Provided material →
↓↓↓

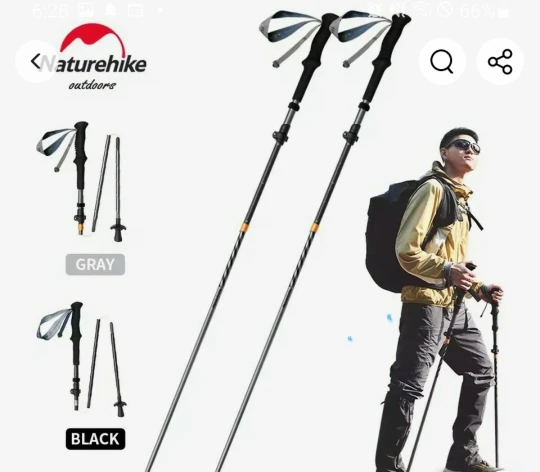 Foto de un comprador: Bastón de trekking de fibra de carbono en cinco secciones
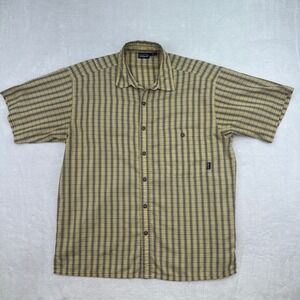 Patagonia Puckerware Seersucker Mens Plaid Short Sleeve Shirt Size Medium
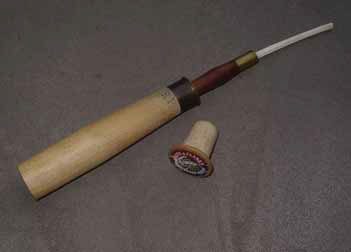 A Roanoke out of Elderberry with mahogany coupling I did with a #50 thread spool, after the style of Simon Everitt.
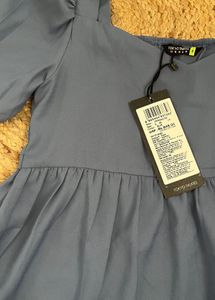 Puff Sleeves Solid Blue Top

↑↑↑

Exercise instructions →
Word for word, repeat the lines of data above, omitting every picture.

Exercise response →
 Foto de un comprador: Bastón de trekking de fibra de carbono en cinco secciones
 Patagonia Puckerware Seersucker Mens Plaid Short Sleeve Shirt Size Medium
 A Roanoke out of Elderberry with mahogany coupling I did with a #50 thread spool, after the style of Simon Everitt.
 Puff Sleeves Solid Blue Top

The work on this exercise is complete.